Stearns School Road Bridge replaced in ongoing Illinois Tollway upgrade
The multi-year, multi-billion-dollar project to upgrade the Illinois Tollway made its way to Gurnee, Illinois, this summer and the aging Stearns School Road Bridge, which goes over I-94. Work called for replacing the 70-year-old bridge with a new three-lane precast concrete structure that also includes access for bicyclists and pedestrians.
Metropolitan Steel handled bridge construction, with Dunnet Bay Construction as general contractor. Metropolitan Steel secured cranes and operators from Central Contractors Service, a member of the ALL Family of Companies.
Central Contractors Service supplied a 250-USt Linkbelt TCC-2500 hydraulic crawler and 550-USt Liebherr LTM 1450-8.1 all terrain (AT) crane for the four-day project.
Scope of work called for 18 precast girders to be set, each 139 feet long and weighing approximately 158,000 pounds. Setting each girder required a dual pick, with the Link-Belt TCC-2500 crawler positioned in the median on I-94 below and the Liebherr LTM 1450 above on the bridge abutment.
Girders were trucked to the site on I-94, with the truck pulling as far onto the shoulder as possible. “These were large girders that took up half the highway,” said Dave Budzius, project manager for Metropolitan Steel. “The key was maintaining masterful logistics — get the girders in, make the pick, offload, swing, walk, and set.”

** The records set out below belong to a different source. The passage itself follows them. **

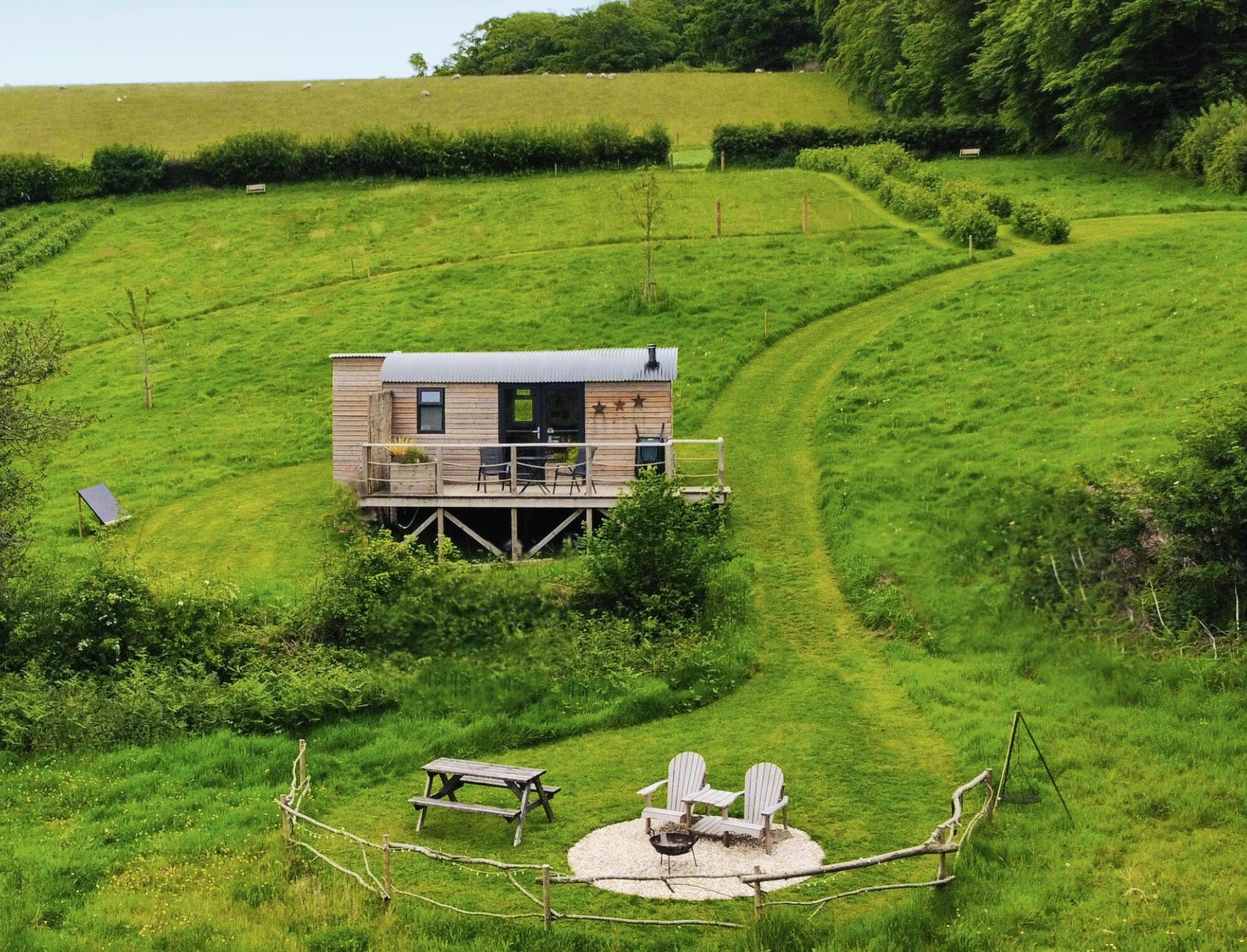 Stays for Devon Adventures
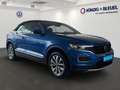 Volkswagen T-Roc Style 1.0 TSI NAVI*LED*Carplay Blau - thumbnail 3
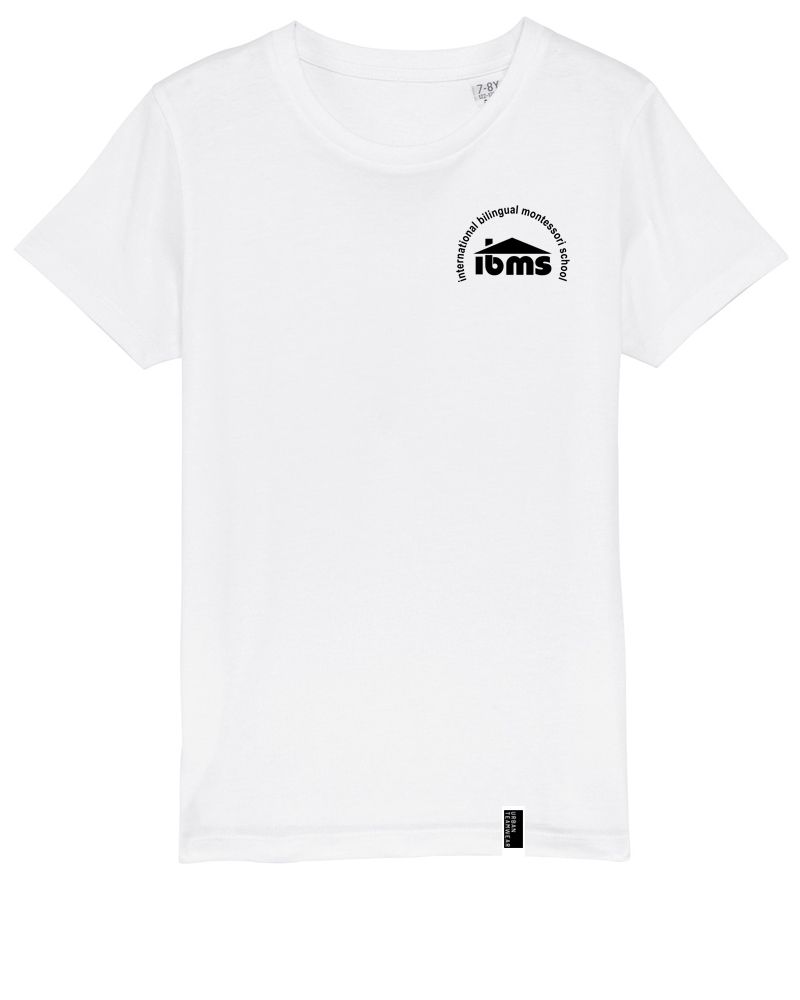 ibms | Shirt | kids | white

Two crane operators from Central Contractors Service executed the meticulous process of picking and setting. First, the rigging crew prepared the girder for the lift. The Liebherr AT, positioned above on the abutment, connected first. Then the crawler, in the median below, picked the back end of the piece. Next, the operators would swing the girder in tandem, then the crawler had to walk up to place the girder in its final position.
Budzius said the hydraulic crawler’s ability to boom down while walking was advantageous for this project. “It has the capacity and ability to walk with weight on the hook just like a lattice boom, but can get into tighter spots due to the ability to lower the boom. With a lattice boom, obviously, you’re at a fixed height. That added flexibility made the lifts go that much more smoothly.”
Once the team got into a rhythm, Budzius estimates that, after rigging was complete, setting each girder took around 45 minutes, even with the TCC-2500 having to walk with its load. Even more impressive, work was done at night as local law enforcement directed vehicular traffic.
The four-day turnaround was tight, but easily achieved via careful planning, selection of the right equipment, and cooperative weather.
This is not the last Illinois Tollway project that Metropolitan Steel and Central Contractors Service will collaborate on. Both entities will be working on another phase of work later this summer.